EXERCISE BRIEF
Output the lines of the records from the one containing "2 Pack Round" through the last, both ends included. Leave pictures out.
- Opening Delimiter -
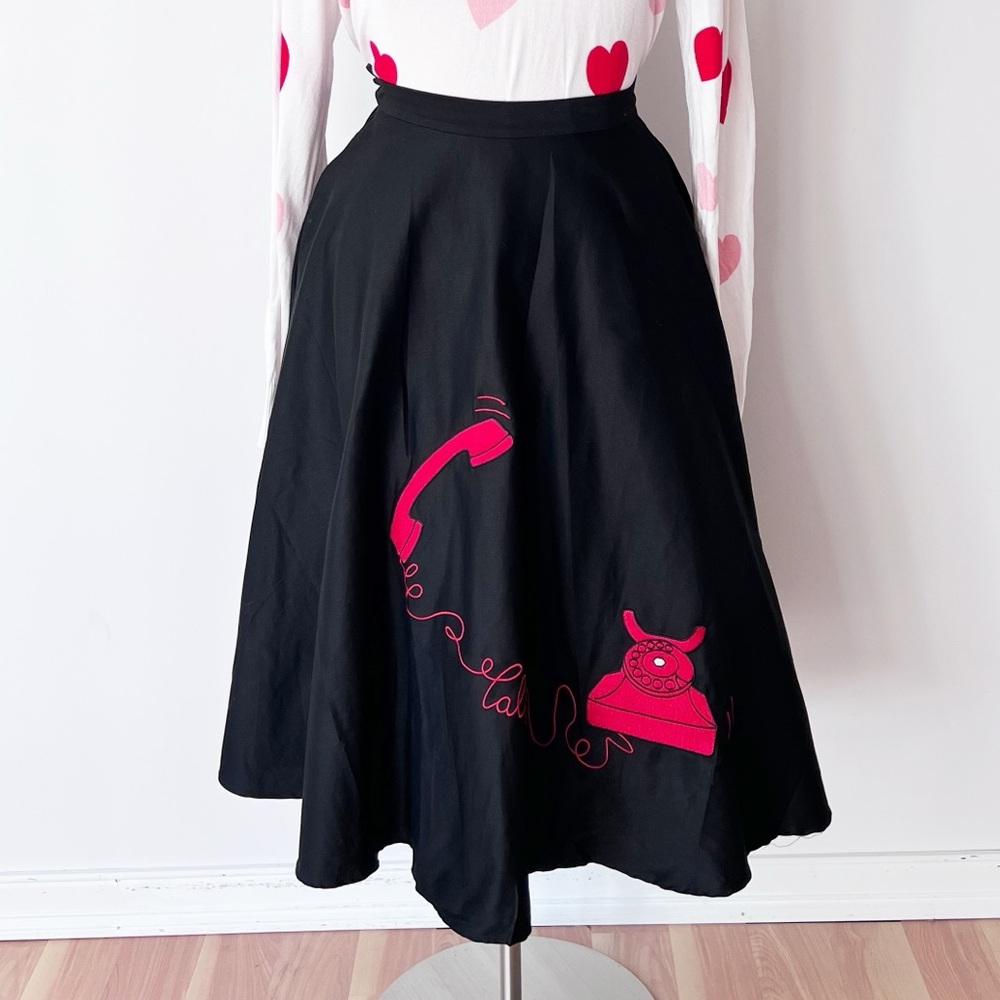 Collectif London Debbie Call Me Skirt Black Red Telephone Embroidered Swing L 14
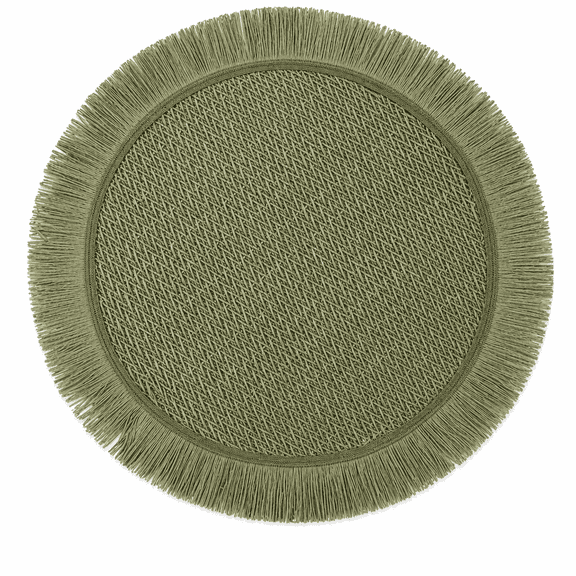 2 Pack Round Woven Paper Placemats 15 Inch Green Fringed Table Mats for Dining Table Coffee Table Bowl Pad Plate Mat Decor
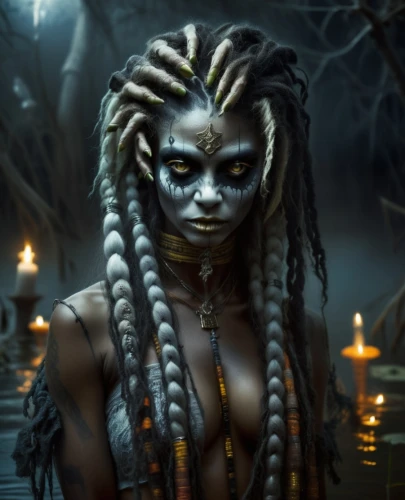 voodoo woman,maliana,vodun,dark elf,witchdoctor,obeah,nephthys,niobe,enchantress,michonne,demoness,kalima,priestess,warrior woman,rasputina,gothika,amerykah,hekate,black queen,african woman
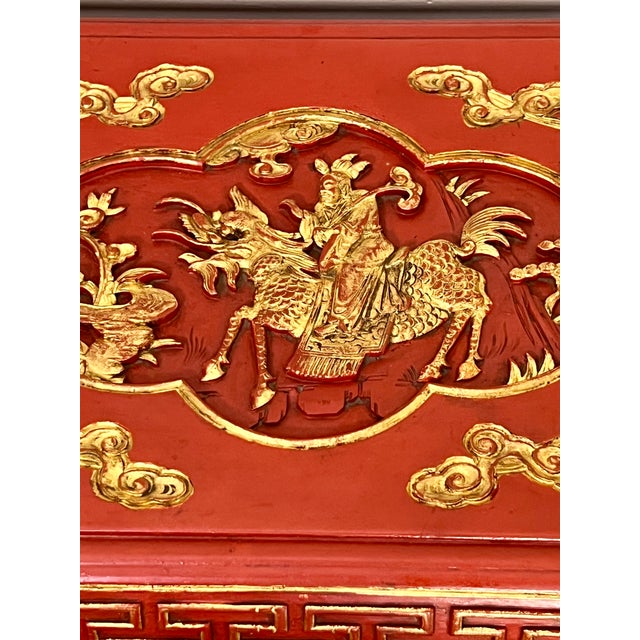 Set of Chinese Red Lacquered Wedding Presentation Boxes, Carved, Parcel Gilt, C. 1910 For Sale - Image 12 of 18
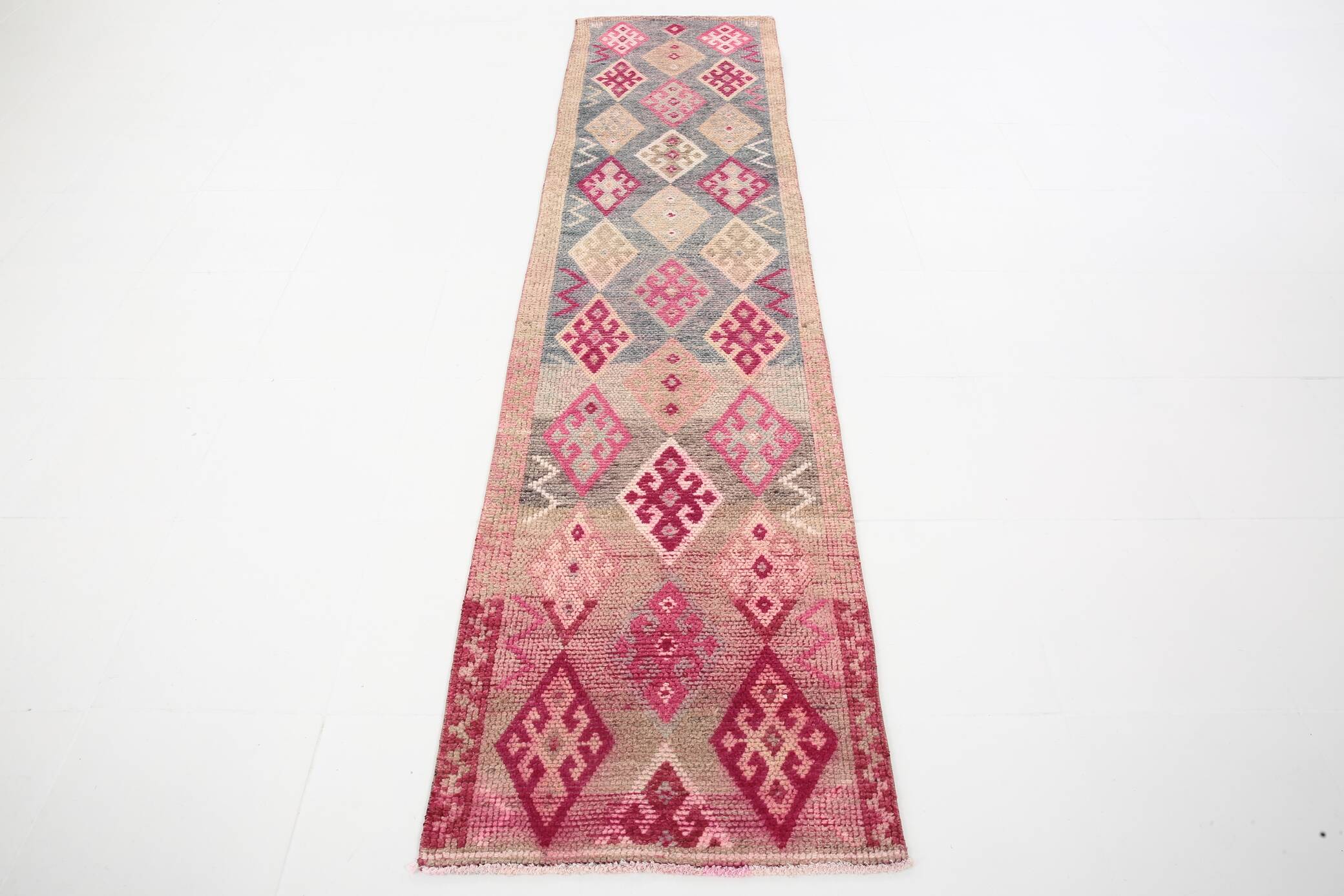 Pastel Pink & Cream Turkish Vintage Runner Rug, 72x306Cm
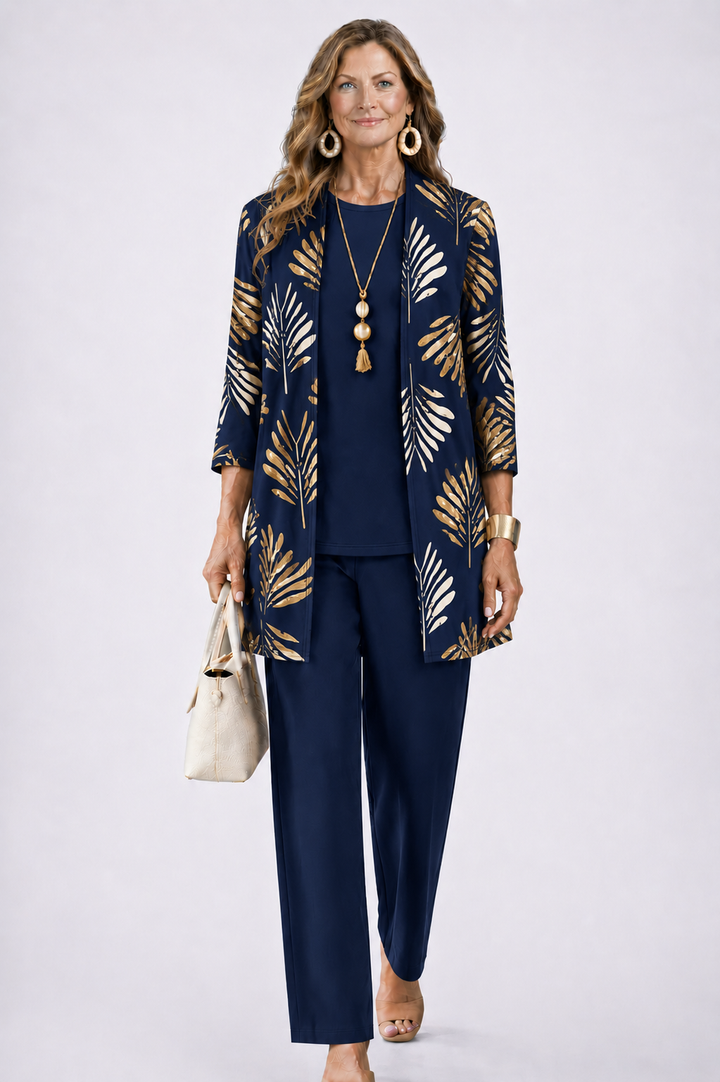 Women's 3-Piece Set with Printed Top, Pants and Open Cardigan 7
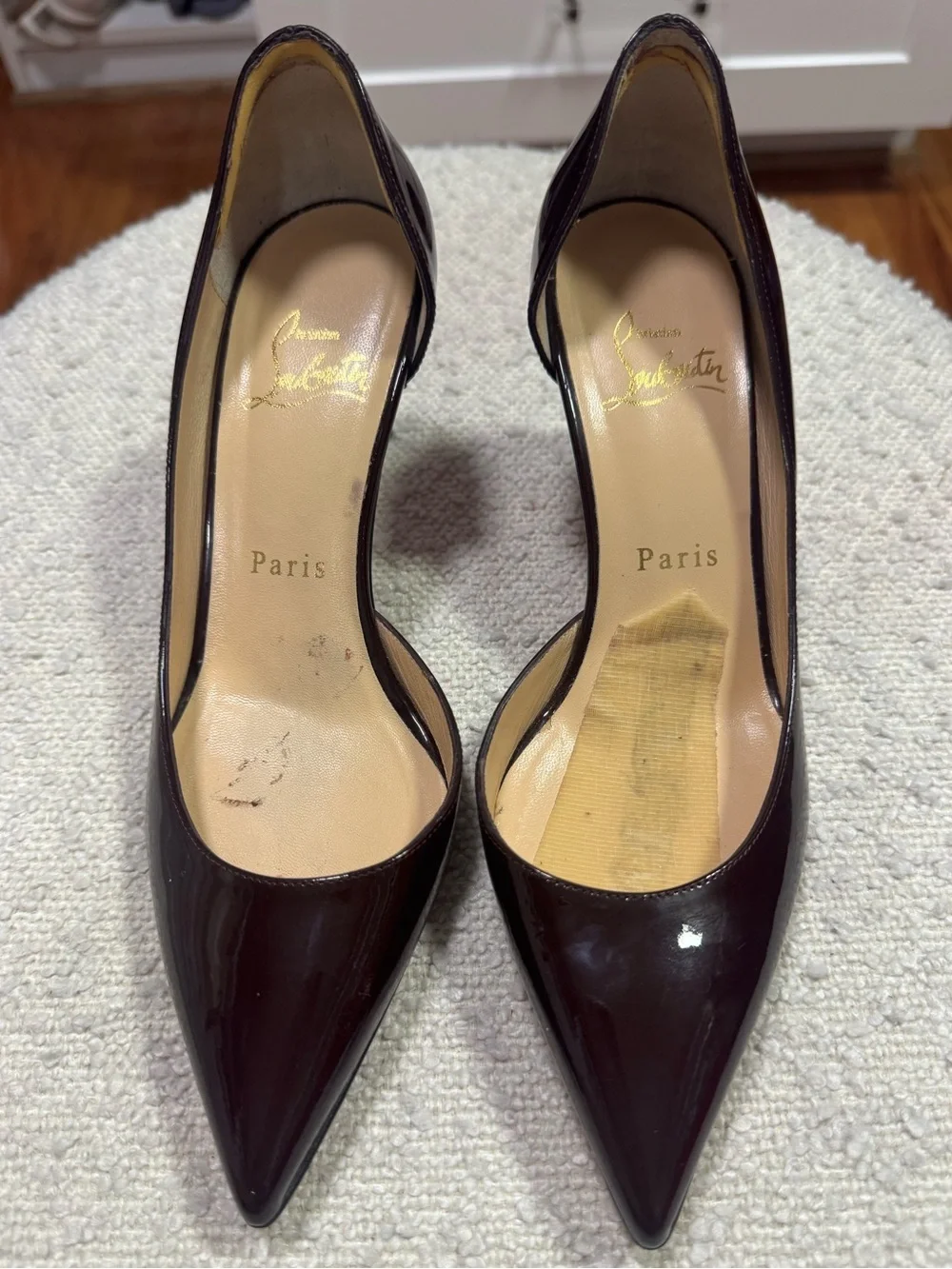 Christian Louboutin Iriza Patent Leather d’Orsay Pumps Oxblood Red Sole EU 36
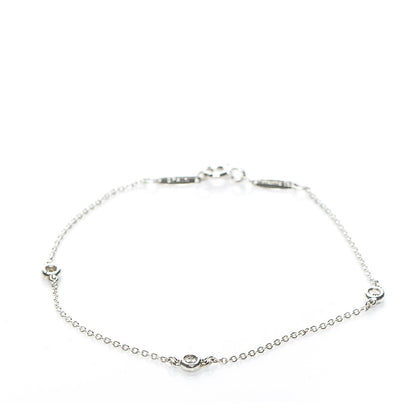 Tiffany Sterling Silver Diamond .09ct Elsa Peretti Diamonds By The Yard Bracelet 1 of 5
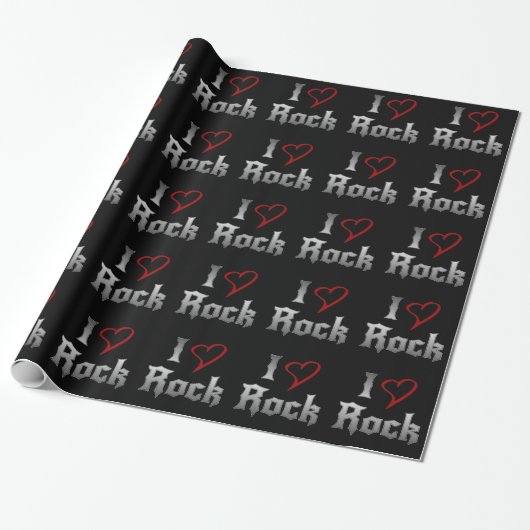 I Love Rock Cadeaupapier (Uitgerold)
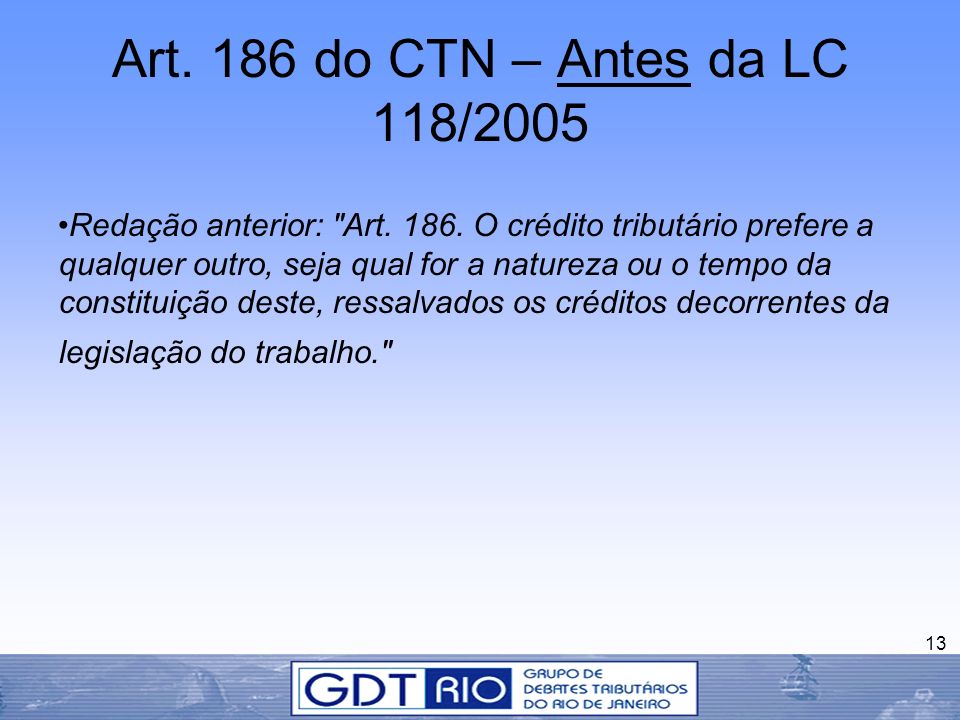 Art. 186 do CTN – Antes da LC 118/2005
- Closing Delimiter -
ANSWER TO THIS EXERCISE
 2 Pack Round Woven Paper Placemats 15 Inch Green Fringed Table Mats for Dining Table Coffee Table Bowl Pad Plate Mat Decor
 voodoo woman,maliana,vodun,dark elf,witchdoctor,obeah,nephthys,niobe,enchantress,michonne,demoness,kalima,priestess,warrior woman,rasputina,gothika,amerykah,hekate,black queen,african woman
 Set of Chinese Red Lacquered Wedding Presentation Boxes, Carved, Parcel Gilt, C. 1910 For Sale - Image 12 of 18
 Pastel Pink & Cream Turkish Vintage Runner Rug, 72x306Cm
 Women's 3-Piece Set with Printed Top, Pants and Open Cardigan 7
 Christian Louboutin Iriza Patent Leather d’Orsay Pumps Oxblood Red Sole EU 36
 Tiffany Sterling Silver Diamond .09ct Elsa Peretti Diamonds By The Yard Bracelet 1 of 5
 I Love Rock Cadeaupapier (Uitgerold)
 Art. 186 do CTN – Antes da LC 118/2005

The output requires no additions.